I replied: And I made clear in other post comments that I am not defining free will by any "traditional understanding" of "causal independence." The reason I'm bringing in Churchland and Damasio is to show how I too am defining it in terms of "self-control."

Current comment on the above: It's amazing how clear I've been in the posts above, yet he's still stuck that if anyone says "free will" it has to mean what he says, despite my laying it out time and again.

I like the following quote from Self Comes to Mind, relevant to the above discussion:

"The ultimate consciousness product occurs from those numerous brain sites at the same time and not in one site in particular, much as the performance of a symphonic piece does not come from the work of a single musician or even from a whole section of an orchestra. The oddest thing about the upper reaches of a consciousness performance is the conspicuous absence of a conductor before the performance begins, although, as the performance unfolds, a conductor comes into being.

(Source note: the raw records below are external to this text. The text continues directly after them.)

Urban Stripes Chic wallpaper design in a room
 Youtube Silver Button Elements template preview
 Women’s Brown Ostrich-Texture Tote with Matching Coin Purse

For all intents and purposes, a conductor in now leading the orchestra, although the performance has created the conductor--the self--not the other way around. The conductor is cobbled together by feelings and by a narrative brain device, although this fact does not make the conductor any less real. The conductor undeniably exists in our minds, and nothing is gained by dismissing it as an illusion" (25).

Not having read the article yet, by "ultimate consciousness product," does he mean the self?

 

On a related note, the above quote reminds me of a question I had in mind earlier:  for certain of our trained meditative states, is there more evidence that they involve return to certain "basic" systems, or that they involve a new coordination of brain systems?